Wilma grew up on a farm just across the Missouri river from Glasgow, Missouri. She said the town had about 2,000 people, and is where her family would go for supplies.
"Back in 1918, there was no bridge connecting the farm with Glasgow, so we had to take the ferry across the river anytime we had to go," she said. "I think I must have been at least 10-years-old when they finally got a highway bridge through there, and it made communicating a lot easier."
Her father had tractors that ran on fuel, but one of her first memories was of an older kind of travel- going to church on Sunday morning, in a horse-drawn buggy.
"It was fun, we had this real warm lap-robe that was a big soft furry thing that had an imprint of a bear on it with shiny glass eyes. But the winters of course were very cold," she said.
Travel then was different- when the snow piled up and she had places to go, she found the only solution.
"You stayed home," she said.
When Wilma began school at five-years-old, she went to a one-room schoolhouse.
Once the bridge was across the Missouri river, Wilma could reach town easier and attended Glasgow High School.
"I graduated from high school in 1936, it was the depth of the depression, there were only five collegiate nursing programs in the United States at that time, and St. Louis University was one of them. I could go there, they accepted me," Wilma said.
In 1942 Wilma graduated from nursing school, just as World War 2 started.
"I decided I should enlist in the Nursing Corps, so I went to the recruitment office out of Denver, went through all the physical exam, and was notified that I was 4-F, because I had tuberculosis," she said.
WILMA: "The hospital owed a debt to this sanatorium in the suburbs of Denver, and so I spent three years there, with a heavy weight on my left chest, and apparently I healed."
KATE: "I remember you saying it was bed rest, which meant you had to lay there the whole time, you couldn't get up at all."
WILMA: "There was a bedpan and everything."
KATE: "So you layed flat on your back? Could you have your head raised?"
WILMA: "I could move from side to side but I was encouraged to be flat on my back with this heavy sandbag or whatever on my chest, so that it would slow down my respiration on that side and give my lungs a chance to heal better."
While in the hospital, Wilma said she knitted scarves and gloves for those in the service, and once she was discharged spent some time recuperating.

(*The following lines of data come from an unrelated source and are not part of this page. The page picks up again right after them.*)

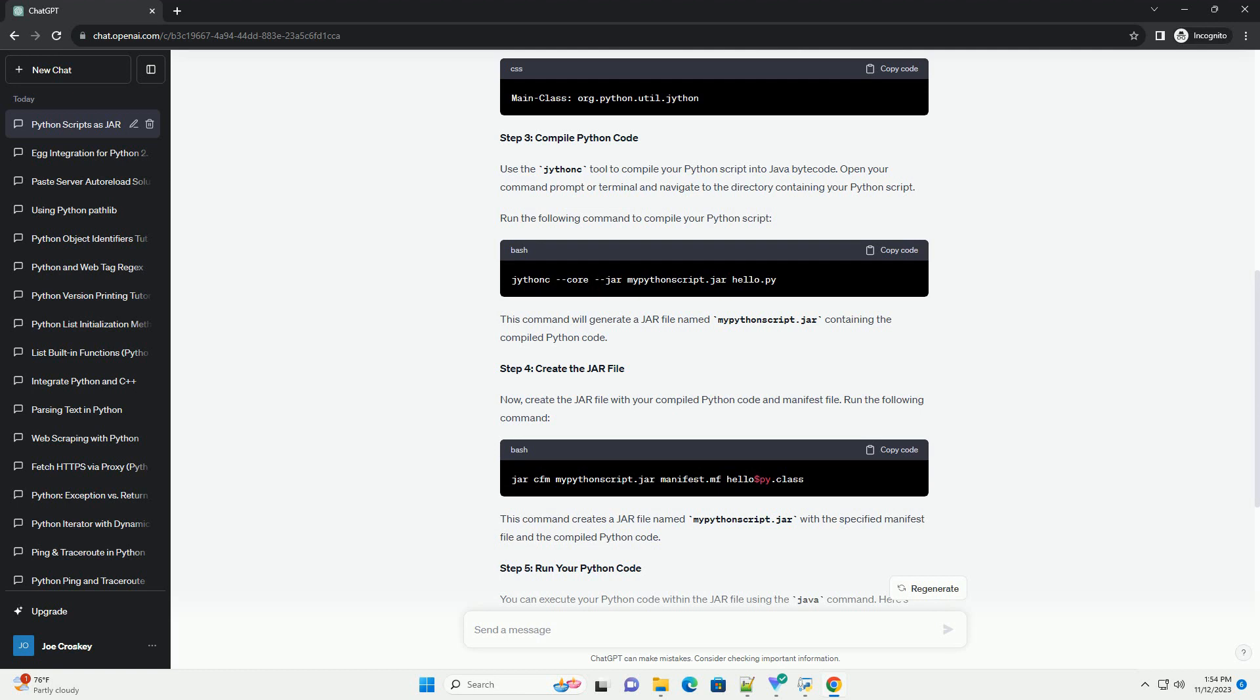Prerequisites: Jython - make sure you have Jython installed. You can download it from the official website, Jython Downloads.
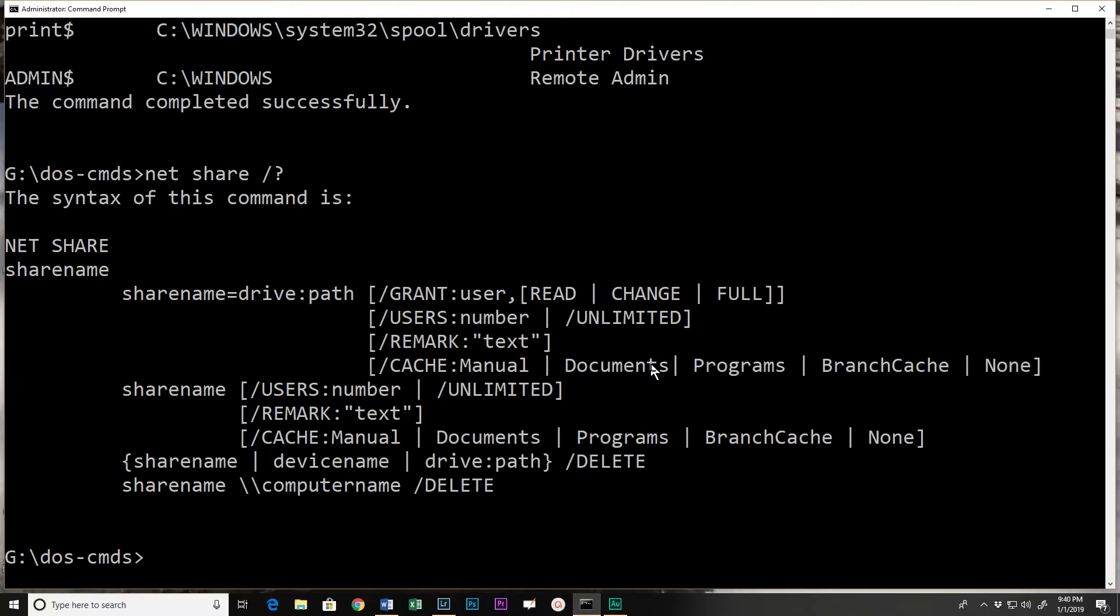And it tells me how I can use the share command. So I could add a share and give it a name and then the path to the share. I could set access rights - read, change, full - set access rights for users, groups of users, similar to going into the graphical interface and setting up a share. I can actually do it from a command line.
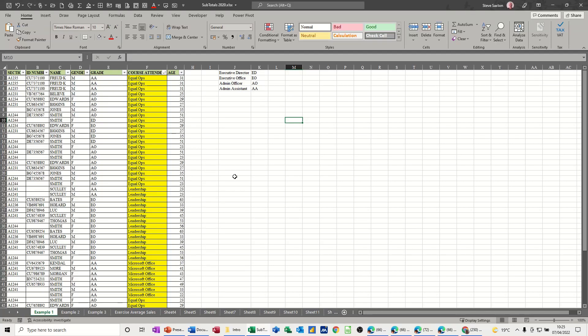Hi guys, welcome to this session in Microsoft Excel. In this module, I want to show you how you can create your own sort list, your own custom sort list.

"I stayed home for a couple months and then I went back to the hospital where I'd been in nursing school and worked for a year. At that time, World War 2 was over," she said.
within 48 hours of recording her story, Wilma died. She was renowned in southern utah for growing remarkable organic heirloom tomatoes, which were featured in area restaurants and produce stands. The day she died, she had gardened with her daughter Kate.